The '' is a universal paradigm that suggests trauma patients have lower morbidity and mortality when provided with medical care within 1 hour after injury. The objective of this study was to examine whether transport time from point of injury to a military treatment facility (MTF) in-theatre was associated with patient-reported outcomes, such as post-traumatic stress disorder (PTSD), depression and quality of life (QOL), among US service members with combat-related injury.

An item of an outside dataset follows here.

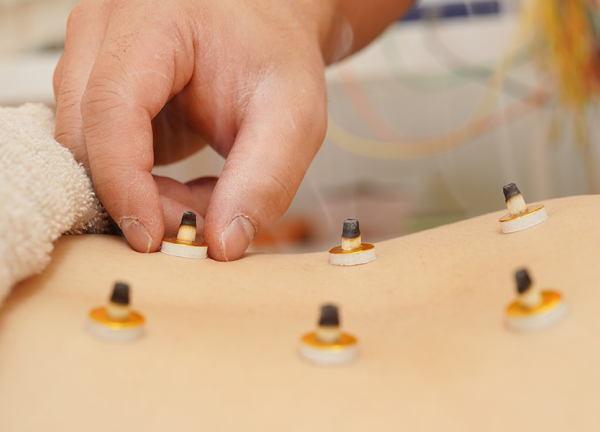 ひだまり整骨院・ひだまり鍼灸マッサージ院 (お灸でお身体を温めましょう。)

Participants were injured between March 2003 and March 2016 and completed standardised assessments of PTSD, depression and QOL for theWounded Warrior Recovery Project (WWRP) between January 2013 and November 2017. Multivariable regressions were used to assess the relationship between transport time (≤1 hour or >1 hour from injury to MTF) and positive screens for PTSD and depression, and QOL, respectively.Overall, 45.6% of participants (n=879) arrived at an MTF within 1 hour postinjury. About 8 years passed between when participants were injured on deployment and when they completed their first WWRP assessment. Approximately 48% of participants screened positive for PTSD and 51.3% for depression, with a mean QOL score of 0.513 (SD=0.150). After adjusting for covariates, transport time was not significantly associated with PTSD (OR 1.04, 95% CI 0.79 to 1.38; p=0.77), depression (OR 0.92, 95% CI 0.69 to 1.21; p=0.55) or QOL (β=0.009; p=0.38).

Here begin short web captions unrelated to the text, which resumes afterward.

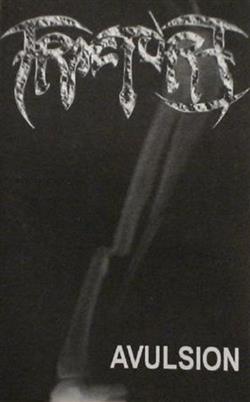 Download Fracture - Avulsion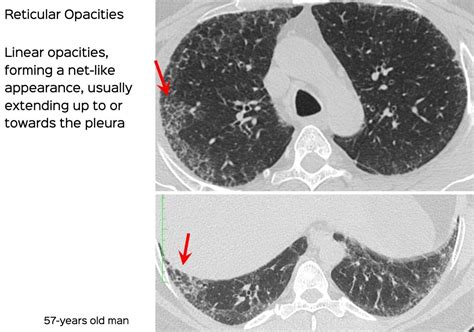 Lecture: Fibrosing ILDs - Understanding Reticular Opacities, Traction Bronchiectasis and ...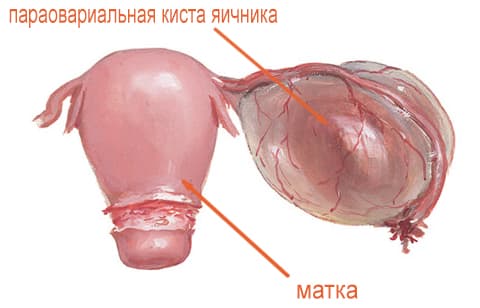 Виды кист яичника Виды кист яичника - фото 2
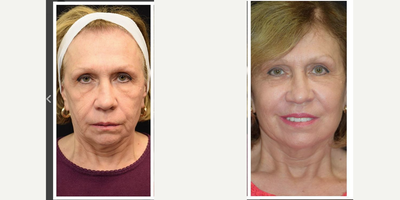 55-64 year old woman treated with Thread Lift - Combination therapy to address aging concerns.Fillers for volume loss and Eurothreads for tightening and lifting.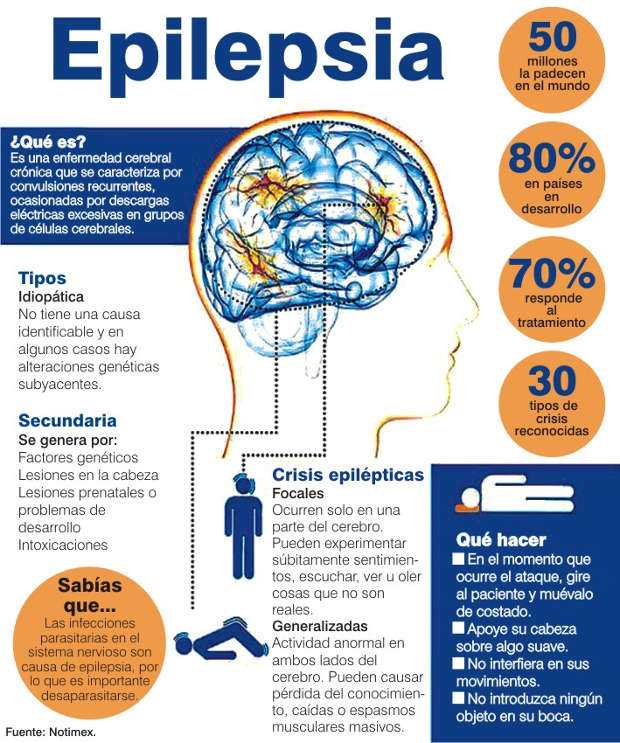 Epilepsia Epilepsia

Transport time was not associated with patient-reported outcomes among US service members with combat-related injury. These findings are important as we seek to understand how combat casualties may be affected by extended medical evacuation or transport times anticipated in future expeditionary operations.

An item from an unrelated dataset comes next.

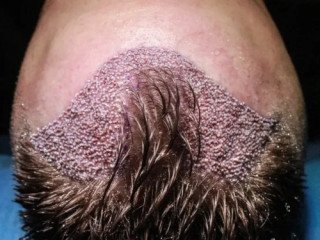 mehmet-cetin-sac-ekimi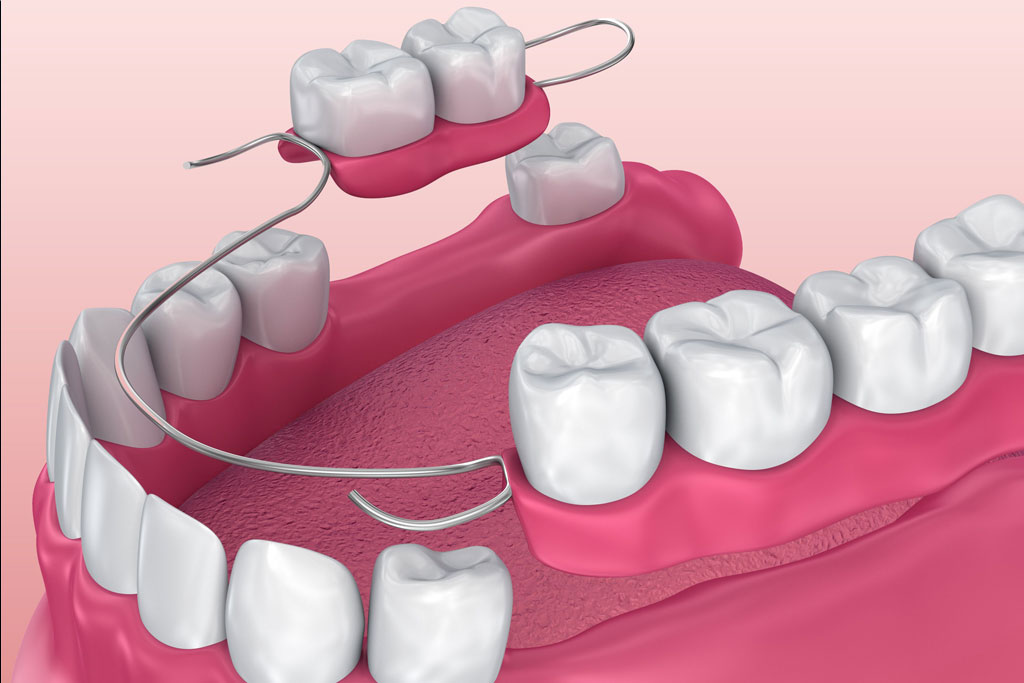 Removable Partial Dentures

“黄金一小时”是一个普遍的范式,它表明创伤患者在受伤后 1 小时内接受医疗护理时,发病率和死亡率较低。本研究的目的是检验从受伤点到军事治疗设施(MTF)的运输时间是否与美国参战军人的创伤后应激障碍(PTSD)、抑郁和生活质量(QOL)等患者报告的结果相关。
参与者于 2003 年 3 月至 2016 年 3 月期间受伤,并于 2013 年 1 月至 2017 年 11 月期间完成了“受伤勇士康复项目(WWRP)”的 PTSD、抑郁和 QOL 标准评估。使用多变量回归来评估运输时间(受伤至 MTF 的时间≤1 小时或>1 小时)与 PTSD 和抑郁的阳性筛查结果以及 QOL 之间的关系。
总体而言,45.6%的参与者(n=879)在受伤后 1 小时内到达 MTF。参与者在部署中受伤和完成首次 WWRP 评估之间大约过去了 8 年。大约 48%的参与者 PTSD 筛查阳性,51.3%的参与者抑郁筛查阳性,平均 QOL 得分为 0.513(SD=0.150)。在调整了协变量后,运输时间与 PTSD 无显著相关性(OR 1.04,95%CI 0.79 至 1.38;p=0.77)、抑郁(OR 0.92,95%CI 0.69 至 1.21;p=0.55)或 QOL(β=0.009;p=0.38)。
在与战斗相关的受伤的美国军人中,运输时间与患者报告的结果无关。这些发现很重要,因为我们试图了解在未来的远征行动中,延长医疗后送或运输时间可能如何影响战斗伤亡人员。